• [What you should do]
Both ends included, set down the lines from the line containing "Freshwater Pearl Bracelet" through the last line of the records below, without pictures.

• [Information provided]

========

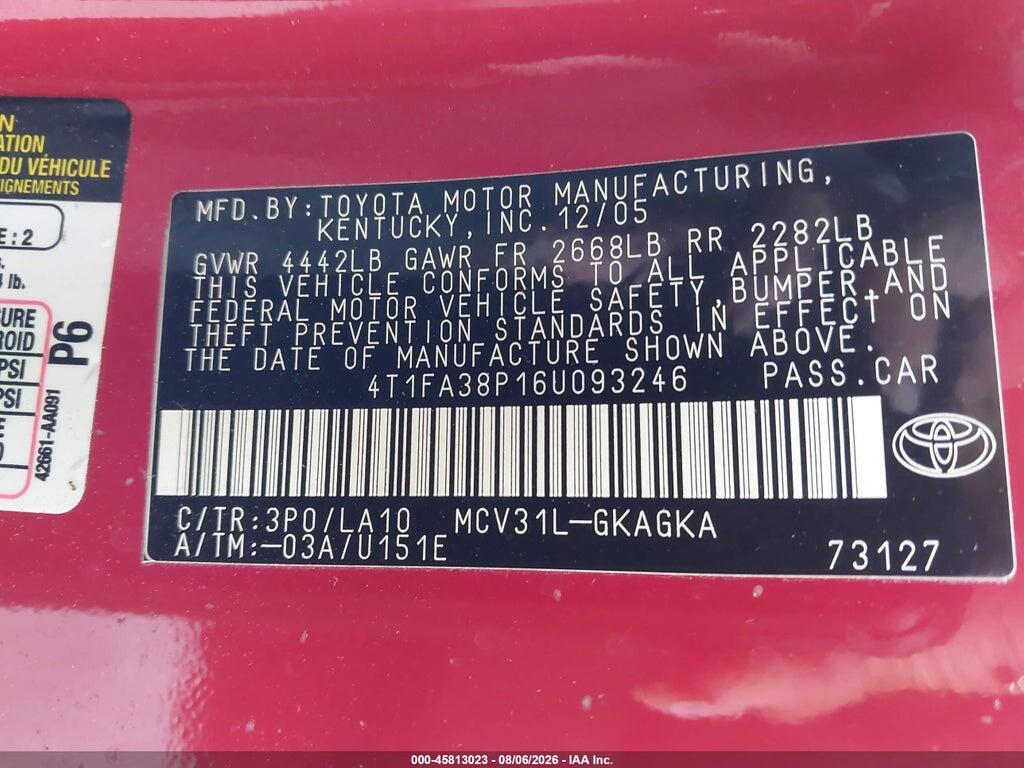 4T1FA38P16U093246 2006 TOYOTA CAMRY SOLARA photo no. 9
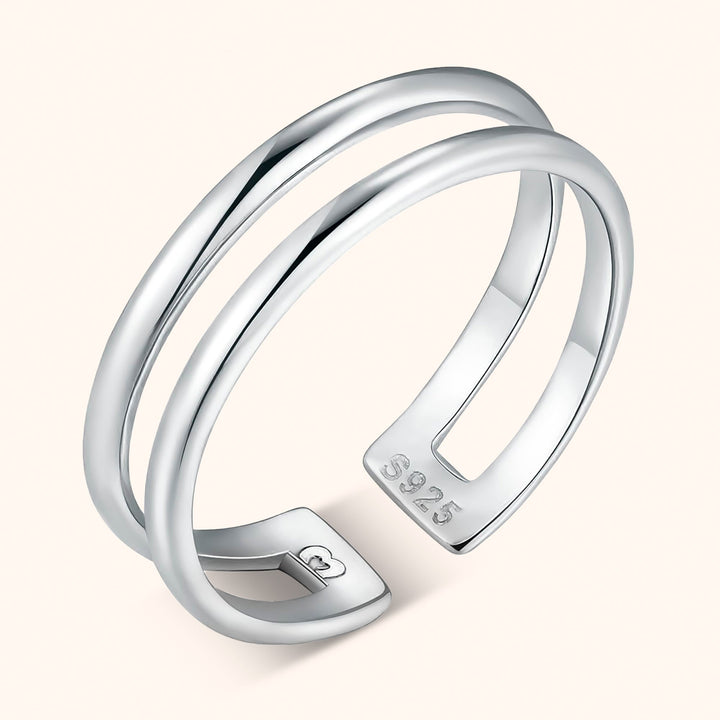 Open Double Ring - Amaya-Silver-The Livary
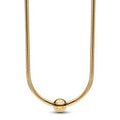 14k gold-plated necklace with round clas 362234C00-45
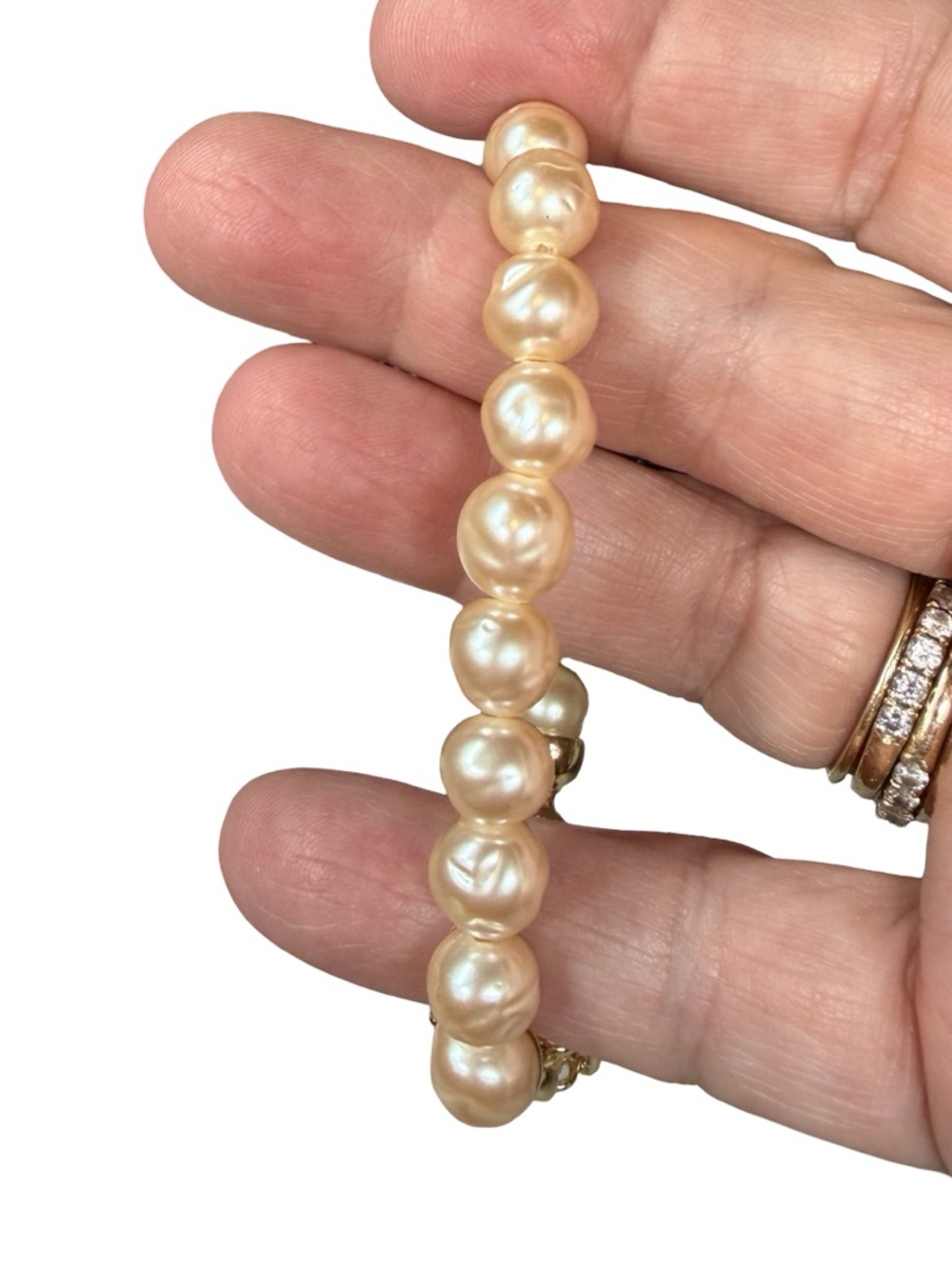 Freshwater Pearl Bracelet & Avon Gold Chain, Decorative Clasp, Petite 6.75”-6.9” - Picture 5 of 7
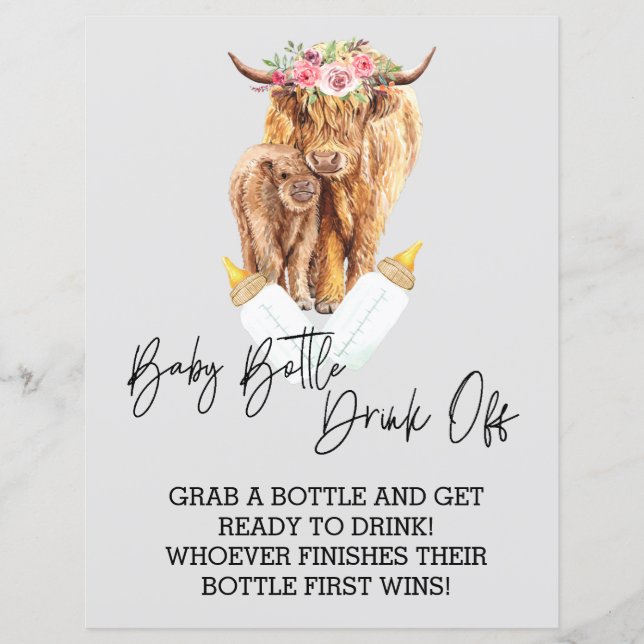 Babyflaska Drick Av Spel Dusch Highland Ko (Framsida)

========

• [Response]
 Freshwater Pearl Bracelet & Avon Gold Chain, Decorative Clasp, Petite 6.75”-6.9” - Picture 5 of 7
 Babyflaska Drick Av Spel Dusch Highland Ko (Framsida)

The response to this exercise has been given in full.